Design and construction
- Architects: Skidmore, Owings & Merrill; Benham, Richards & Armstrong

= Huntington Plaza =

Office building in Columbus, Ohio

Huntington Plaza, formerly the Huntington Trust Building, is an office building in Downtown Columbus, Ohio. It is owned by Huntington Bancshares, and is part of the Huntington Center complex, which also contains the Huntington Center skyscraper, the Huntington National Bank Building, and DoubleTree Hotel Guest Suites Columbus.

The building was built by Skidmore, Owings & Merrill, the same firm that designed the Huntington Center, the PNC Bank Building, and Chase Tower in downtown Columbus. Benham, Richards & Armstrong, a firm from Columbus, contributed to the design.
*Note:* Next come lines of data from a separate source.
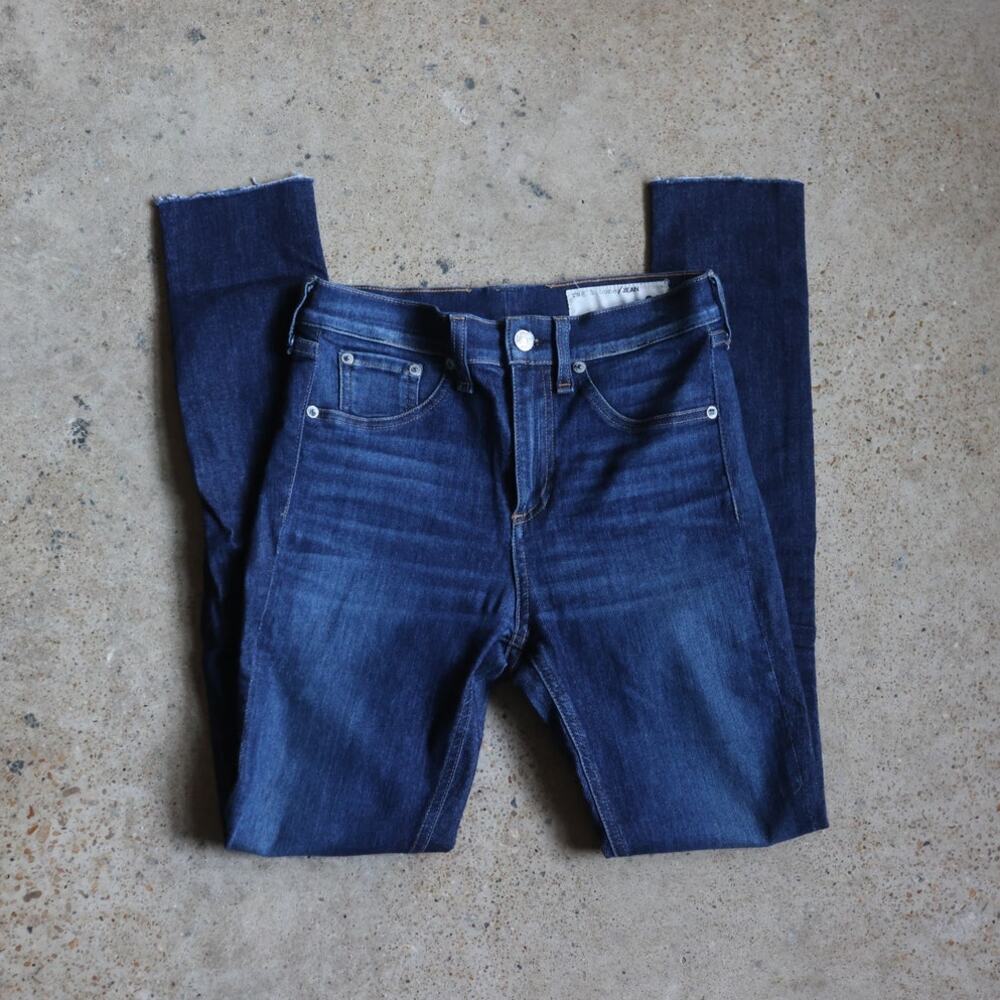 Rag & Bone Skinny Ankle Jeans Dark Wash Raw Hem Size 26
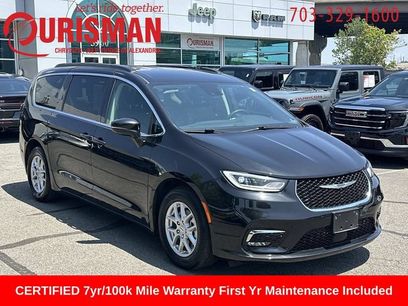 Used 2022 Chrysler Pacifica Touring-L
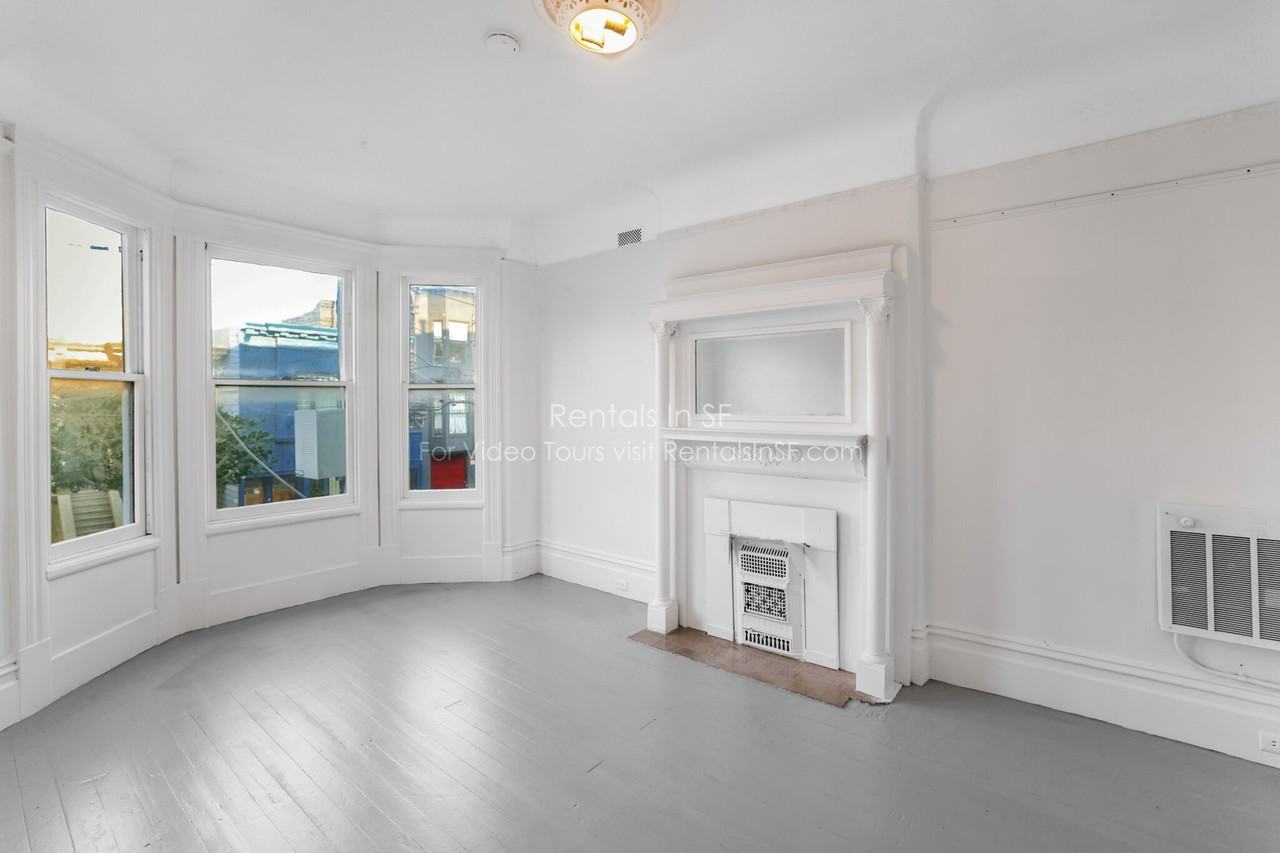 424 Broderick St - Photo 2 of 20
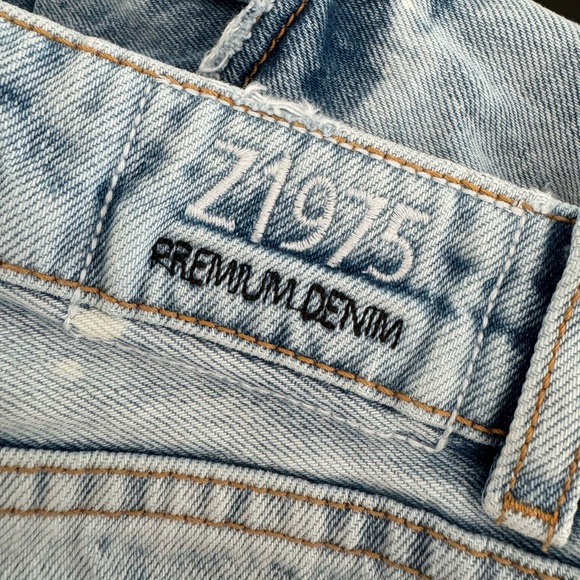 Zara 1975 Denim Distressed Shorts - Picture 4 of 4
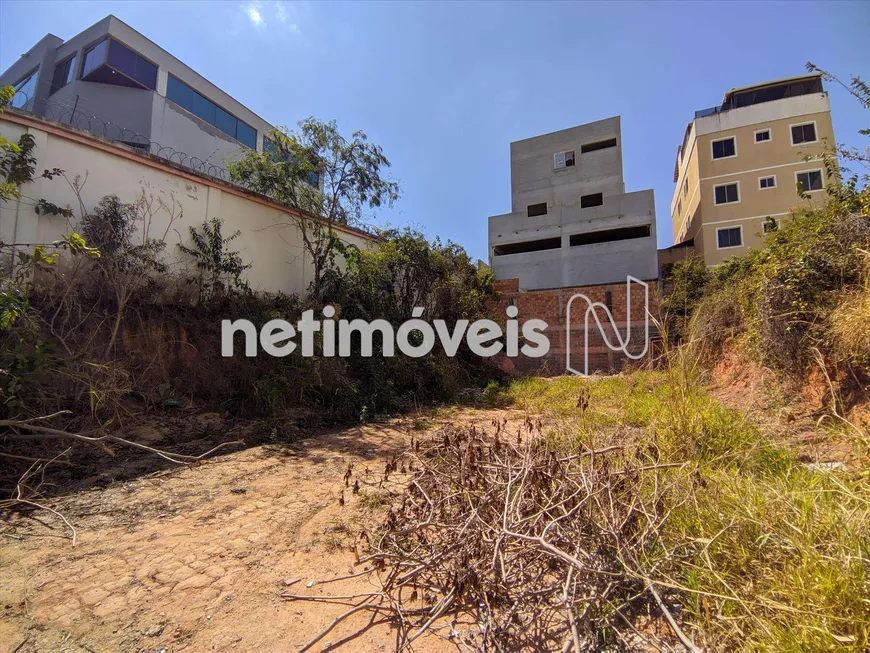 Foto 1 de Lote/Terreno à venda, 360m² em Cabral, Contagem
The building, one of the earliest contemporary buildings around Capitol Square, was built for Huntington's mortgage subsidiary and other tenants. The building was built on a plaza that levels out the site, which slopes down towards the Scioto River. The plaza is at street level on the east side and about one story above street level on the west side. The east side of the building has a small, shaded park. The building has a glassy lobby recessed behind structural columns. The bulk of the building appears to hover above the lobby, cantilevered out from it. Its facades utilize concrete grids around large windows.

The building replaced the James Building, which was built in 1921. The James Building was known for the James Theatre, which was renamed Loew's Broad Theater in 1927. The cinema was Columbus's first elaborate movie theater. It closed and was razed in 1961 to make way for the new office building.

The building has held the offices of Ohio politicians Mike DeWine, George Voinovich, and Jo Ann Davidson. The building also housed the field office of politician Rob Portman. A protest aimed toward Portman took place in the building's lobby in 2017, in which 16 people were arrested. A protest in the building in 2002 caused 10 arrests; the protesters were unable to meet with Mike DeWine over U.S. foreign policy in Colombia.

In 1985, the building was renovated and renamed as Huntington Plaza Building, due to the bank's trust department no longer being housed in the building. The renovations included sandblasting the exterior and creating park space around the building. Before then, the space beside the building was used for drive-through banking services.